Average Time for Method 1: 11757ms
Average Time for Method 2: 11587ms
Average Time for Method 3: 12012ms

My conclusion of this would be:
Overall the 3 methods are equally fast!
With method 3, the pointer check, being slightly slower, and the inline if-check beeing the fastest

kshegunov

Can you pull the assembly for those three.
Additional notes:

You will want to make them methods inline, otherwise I feel the call instruction cost is pretty significant compared to the function's body (and also the QVector::at where the arguments are taken from the precomputed array).
Edit: Have also a brief look at this table
I couldn't see getRand defined, but if it does what I think it does, then you have a systematic error - you're accessing only real elements of the array (not out-of-bound ones).
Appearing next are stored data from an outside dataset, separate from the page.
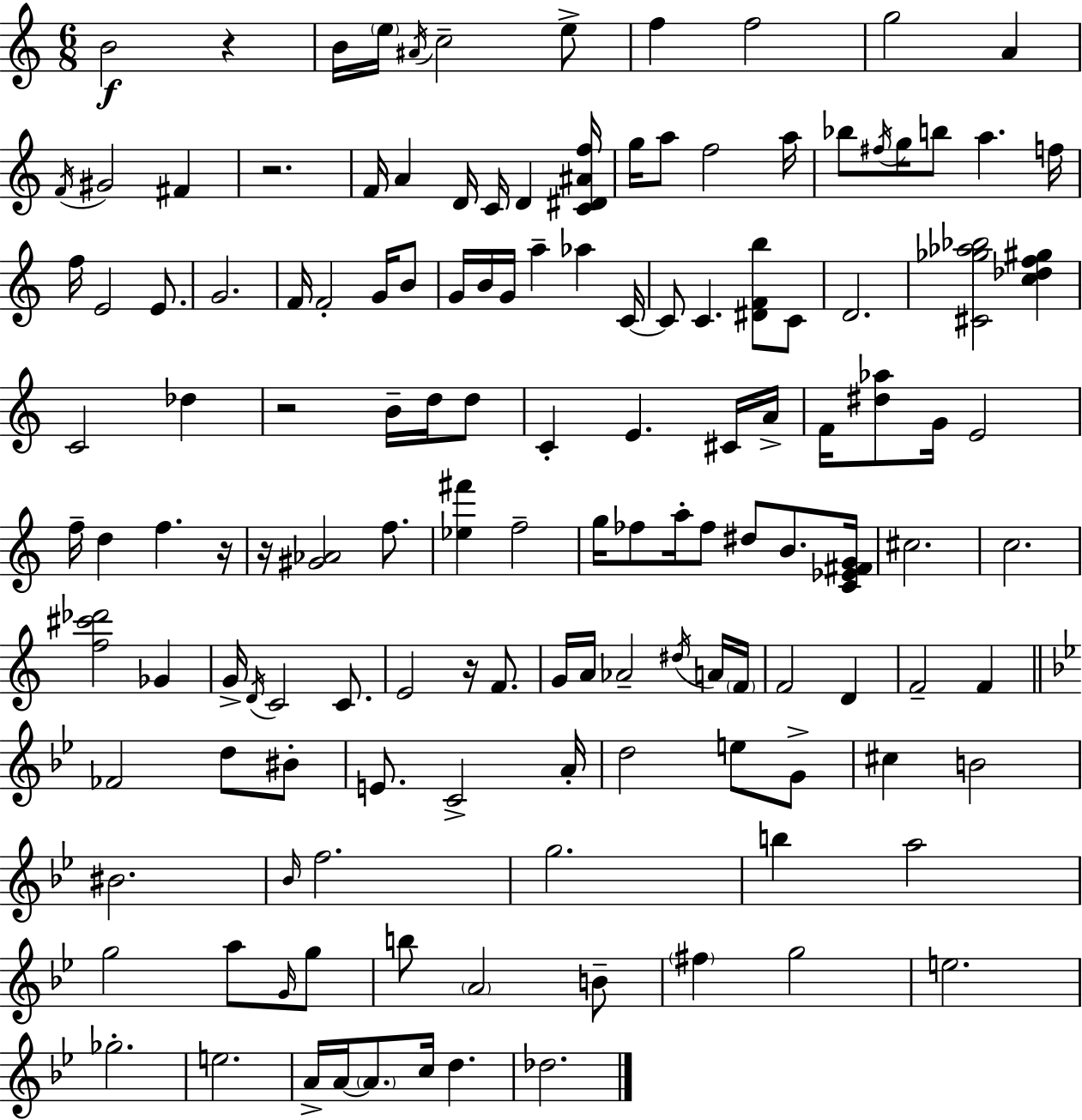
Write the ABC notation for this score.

X:1
T:Untitled
M:6/8
L:1/4
K:C
B2 z B/4 e/4 ^A/4 c2 e/2 f f2 g2 A F/4 ^G2 ^F z2 F/4 A D/4 C/4 D [C^D^Af]/4 g/4 a/2 f2 a/4 _b/2 ^f/4 g/4 b/2 a f/4 f/4 E2 E/2 G2 F/4 F2 G/4 B/2 G/4 B/4 G/4 a _a C/4 C/2 C [^DFb]/2 C/2 D2 [^C_g_a_b]2 [c_df^g] C2 _d z2 B/4 d/4 d/2 C E ^C/4 A/4 F/4 [^d_a]/2 G/4 E2 f/4 d f z/4 z/4 [^G_A]2 f/2 [_e^f'] f2 g/4 _f/2 a/4 _f/2 ^d/2 B/2 [C_E^FG]/4 ^c2 c2 [f^c'_d']2 _G G/4 D/4 C2 C/2 E2 z/4 F/2 G/4 A/4 _A2 ^d/4 A/4 F/4 F2 D F2 F _F2 d/2 ^B/2 E/2 C2 A/4 d2 e/2 G/2 ^c B2 ^B2 _B/4 f2 g2 b a2 g2 a/2 G/4 g/2 b/2 A2 B/2 ^f g2 e2 _g2 e2 A/4 A/4 A/2 c/4 d _d2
Which may put test 3 at a disadvantage (or it may not, I'm not sure either way).
There's no difference and can never be any between:

if(x < 16)
        if(y <16)
            if(z < 256)
                return m_data[x][y][z];

if(x <16 && y < 16 && z < 256)

which is due to the short-circuit evaluation of && and ||. That's also the most probable reason you get virtually identical results for test 1 and 2.

J.Hilk

hi, @kshegunov

like you suggested, I wrapped the getvalueMethod_X functions in an inline statement.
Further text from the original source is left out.